**** Available data ****

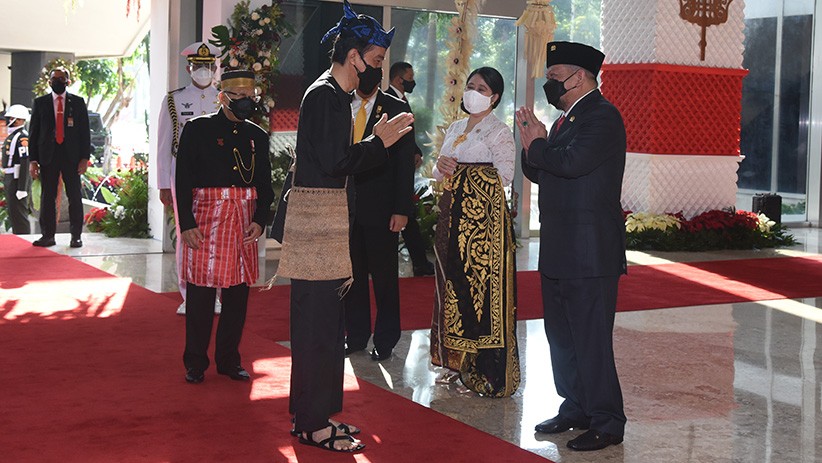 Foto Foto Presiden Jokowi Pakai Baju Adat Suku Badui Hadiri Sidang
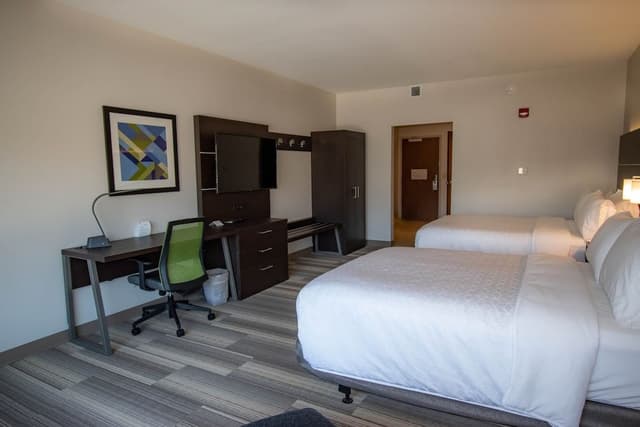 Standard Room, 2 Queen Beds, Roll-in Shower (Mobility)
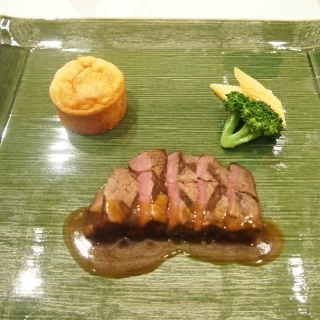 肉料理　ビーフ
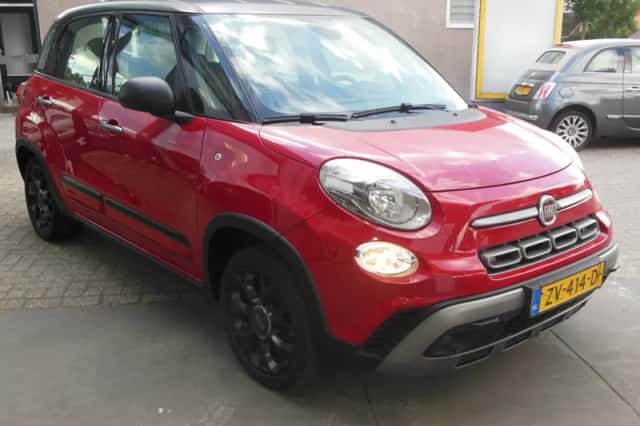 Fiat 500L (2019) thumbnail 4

****

● Work item
The data is to be returned exactly as it stands, pictures aside.

● Answer to the problem
 Foto Foto Presiden Jokowi Pakai Baju Adat Suku Badui Hadiri Sidang
 Standard Room, 2 Queen Beds, Roll-in Shower (Mobility)
 肉料理　ビーフ
 Fiat 500L (2019) thumbnail 4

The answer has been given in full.